Ensure both switchovers of the current year are present in Deployments/Yearly_calendar

Tasks

Notes

Please take the time to bold the important stuff in all communications, i.e. dates and DCs.

  • Chats: adjust the dates, Phab tasks and DCs accordingly
Dear engineers, 

We are about a month away from our (now standardised) DC switchover, as reflected in the https://wikitech.wikimedia.org/wiki/Deployments/Yearly_calendar. 

Important Dates
* **Services:** [[ https://zonestamp.toolforge.org/1710856800%7C Tuesday, 19 March 2024 @14:00 UTC  ]]
* **Traffic:** [[ https://zonestamp.toolforge.org/1710856800 | Tuesday, 19 March 2024 @14:00 UTC  ]]
* **MediaWiki:** [[ https://zonestamp.toolforge.org/1710943200%7C Wednesday, 20 March 2024 @14:00 UTC ]]

* **codfw repool:** [[ https://zonestamp.toolforge.org/1711548000 | Thursday, 27th March 2024 @14:00 UTC ]]
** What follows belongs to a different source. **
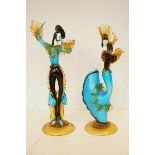 Pair of Murano dancing figures Height 48 cm
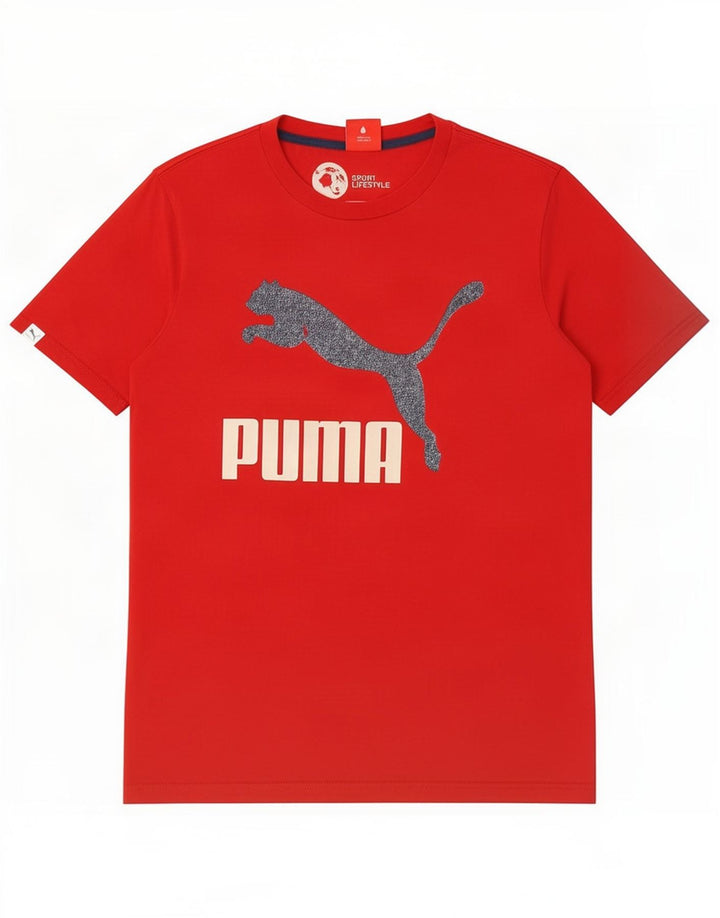 Męska koszulka z grafiką Puma, bawełniana, średnia czerwona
If you have any related work, please file your tasks under T357547
  • CommRel Phabricator task: adjust the dates, weeks, and DCs accordingly, and tag #CommRel-Specialists-Support
CommRel support for Northward Datacentre Switchover (March 2024)

Dear CommRel,

We are planning a datacentre switchover for the week of March 
18th (week 12) with the following schedule:

- **Services:** [[ https://zonestamp.toolforge.org/1710856800%7C Tuesday, 19 March 2024 @14:00 UTC  ]]
- **Traffic:** [[ https://zonestamp.toolforge.org/1710856800 | Tuesday, 19 March 2024 @14:00 UTC  ]]
- **MediaWiki:** [[ https://zonestamp.toolforge.org/1710943200%7C Wednesday, 20 March 2024 @14:00 UTC ]]

The expected impact is 2-3 minutes of read-only on Wednesday, 20 March 2024 @ 14:00 UTC.

Note that we are implementing the changes described in [[ https://wikitech.wikimedia.org/wiki/Switch_Datacenter/Recurring,_Equinox-based,_Data_Center_Switchovers | Recurring, Equinox-based, Data Center Switchovers ]], in particular:

- There is no switchback! we are staying in **eqiad** until the next switchover.
- Future switchovers are predictable and take place every 6 months; always on the week of an equinox.

Let #serviceops know if you need more info on the changes.

Thank you!
  • Mailing Lists: adjust the dates, Phab tasks and DCs accordingly
Northward Datacentre Switchover (March 2024)
Dear all,

On Wednesday March 20th 2024, the SRE team will run a planned datacentre switchover, moving all wikis from codfw to eqiad. This is an important periodic test of our tools and procedures, to ensure the wikis will continue to be available even in the event of major technical issues in our primary home. It also gives all our SRE and ops teams a chance to do maintenance and upgrades on systems in codfw that normally run 24 hours a day.

The switchover process requires a brief read-only period for all Foundation-hosted wikis, which will start on Wednesday March 20th 2024 @ 14:00 UTC, and will last for just a few minutes while we execute the migration as efficiently as possible. All our public and private wikis will be continuously available for reading, as usual, but editing will be unavailable during the process. Users will see a notification of the upcoming maintenance, and anyone still editing will be asked to try again in a few minutes.  

CommRel will soon begin notifying communities of the read-only window.

If you like, you can follow along on the day in the public #wikimedia-operations channel on IRC. To report any issues, you can reach us in #wikimedia-sre on IRC, or file a Phabricator ticket with the #datacenter-switchover tag (https://phabricator.wikimedia.org/maniphest/task/edit/form/1/?projects=Datacenter-Switchover; we'll be monitoring closely for reports of trouble during and after the switchover. The switchover and its preparation will be tracked under https://phabricator.wikimedia.org/T357547.

On behalf of the SRE team, please excuse the disruption, and we would like to thank everyone in various departments who are involved in planning this work. If you have any questions, please reply directly to this email.

Kind Regards,

An Engineer